The Tour Stick weighs in at 19 ounces per pair, which is about average for backcountry ski poles. It has a nice swing weight that makes powder skiing and uphill skinning pleasant and effortless. This is notable considering the amount of weight in the lower shaft of the pole. Other collapsible poles in our test did not have the same feel.
The Tour Stick features carbon shaft construction, which is generally less durable than aluminum. It also has a foam grip, and in general, foam grips are less durable than rubber grips. That said, we didn't encounter any durability issues during our testing. Still, this pole isn't designed for hard abuse, and will probably break if used to whack cornices or tree branches. Furthermore, we noticed a little play in the pole sections when fully extended, even though the extension mechanism was engaged and locked.
The Tour Stick packs down to a small 42 centimeters or 16.5 inches. This is great for splitboarding, where most users collapse their poles and strap them onto their backpacks for the descent. These poles don't stick out from the side of most daypacks, although its packed size isn't the most slender in the business. Their small packed size also makes them great for summer use as trekking poles on the hiking trail.

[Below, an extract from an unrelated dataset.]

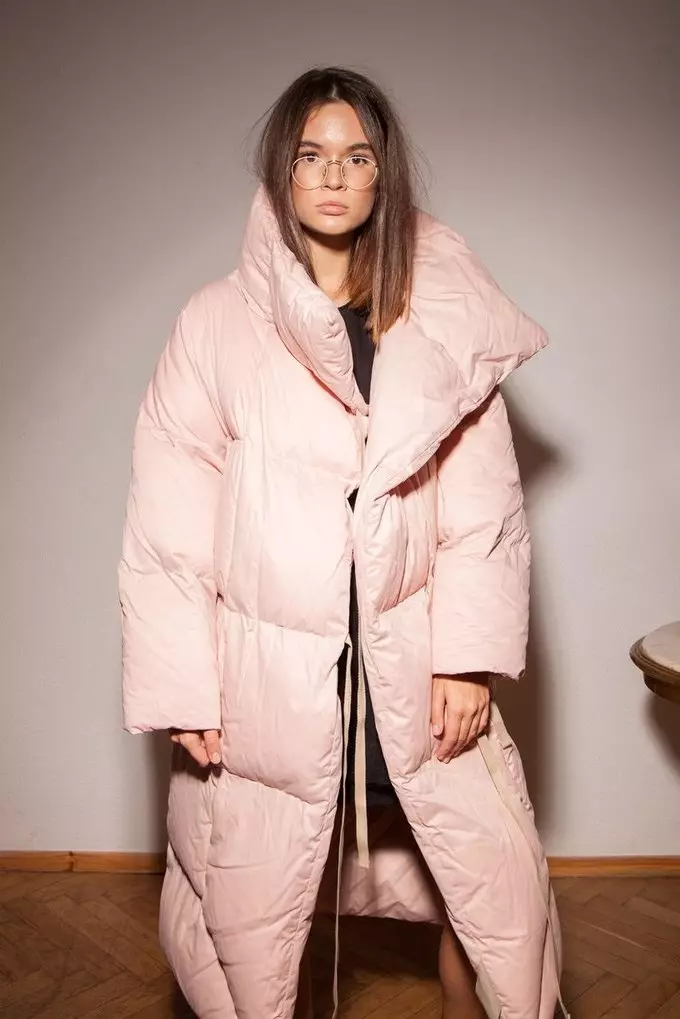 Tipis bawah (112 foto): Kotak musim sejuk wanita dan jaket-selimut dengan tudung dan tanpa. Apa yang hendak dipakai? Model jenama yang bergaya 315_80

The Tour Stick Vario Carbon has one of the most comfortable handles that we tested on a backcountry ski pole. It fits both large and small hands, and is very comfortably contoured. The foam is soft and a pleasure to hold with bare hands on warm days. Additionally, we love the rounded top of the handle, which accommodates all kinds of grips.
The Tour Stick Carbon is an expensive pole. For the price, you get a collapsible, carbon pole with a fantastic grip. For the discerning splitboarder who might also want a pole that can be used as a trekking pole, this pole might be a good value. For everyone else, it is hard to justify spending this much on a backcountry skiing or splitboarding pole.
Overall, the Leki Tour Stick Vario Carbon is a high-performance z-style pole that also allows some length adjustment. It collapses small for splitboarding, and can also be used for hiking and trekking in the summer. There are better poles out there, but not by a lot.